After full interaction with the Daily FVG, price produced an initial ~1% bounce. Additional confirmation came from stacked bid-side liquidity below acting as support. Entry was triggered once bids were engaged and held.

Exit / Management:

Price moved slightly in favor but failed to reach the intended resistance target. Stop loss was tightened to reduce exposure. No partial profits were taken during the bounce. Price then lost momentum, broke back through support, and the position was stopped out for a small loss.

Risk Management:

Initial stop placed below the local low (logical invalidation), later adjusted closer to entry to control risk. Overall exposure remained contained.

Imbalances bounce

702–786 Pocket Reclaim

Early tap

Context:

Price tapped the 0.702 - 0.786 Fibonacci pocket late Sunday. Early reaction showed buyers stepping in, but with weekend liquidity thin and the 0.786 still untested below, patience was required.

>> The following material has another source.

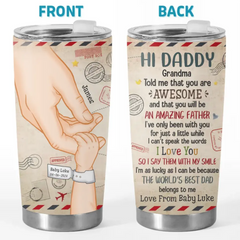 You Are An Amazing Father - Family Personalized Custom Tumbler - Father's Day. Baby Shower Gift. Gift For First Dad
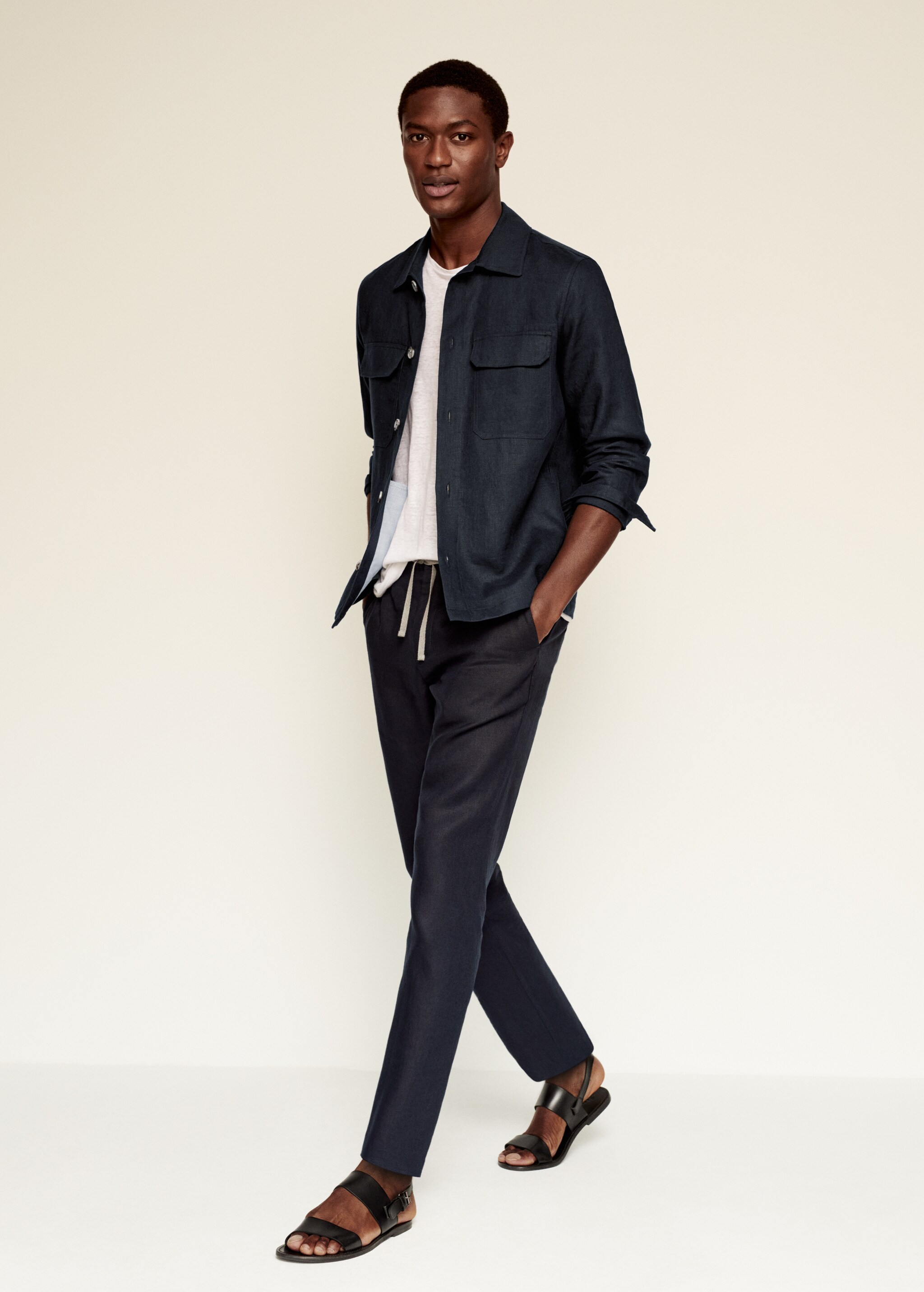 Overshirt 100% λινό τσέπες - Γενικό πλάνο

Inverse markets printed strong bullish CVD divergence, suggesting absorption.

Setup:

A slow grind into the lower band followed by a reclaim of the pocket, a classic signal that sellers could not maintain pressure. Building divergence underneath added confidence for a long.

Entry:

Long on the reclaim after acceptance back above 0.786. Stop placed below the 0.786 invalidation level.

Exit / Management:

First profits secured after a rapid ~5% expansion move. Remaining position left open to capture continuation as long as structure holds.

Slow grind along the 786

Pump out of it

Imbalance Rejection Short

Context:

Throughout the London session, price approached a key area of interest defined by a stacked, naked sell-side imbalance that had not yet been mitigated, aligning with a 15m order block at the same level. This created a high-probability zone for sellers to step in, with a very tight and logical invalidation.

Entry:

As price tapped the zone, order flow confirmed the setup. A spike in positive aggregated delta showed aggressive buyers entering, likely triggering shorts to cover, while stacked asks on the orderbook acted as resistance. Buyers were pushing directly into resting sell liquidity, a classic trap scenario providing a clean short opportunity

Exit / Management:

TP1 was taken at the nearest liquidity grab on the lows (~1.5% from entry). The remaining position was scaled out gradually while the stop was trailed as price continued lower. The move extended to roughly ~3.5% from entry.

Risk Management:

Stop loss placed above the 15m order block / imbalance zone (~0.2%), with clear invalidation if price accepted above the area. Tight risk allowed for a high R:R profile.

Feb 2 Low Sweep Long (Gold)

Context:

Gold approached the major Feb 2 low while silver had already swept its equivalent level, creating strong intermarket confluence. The move into the low came with heavy aggression, negative delta, expanding OI, and large liquidation prints, signaling fresh shorts entering.

Setup:

Classic swing failure conditions: liquidity taken, new shorts trapped, and squeeze potential if price reclaimed. Rising OI into the sweep confirmed new positioning rather than short covering.

Entry:

Aggressive scalp initiated during the sweep, with additional size added on the reclaim as price moved back above the level.

Exit / Management:

Profits taken after an ~8% expansion move. Stop moved to breakeven to protect gains while allowing for further upside continuation.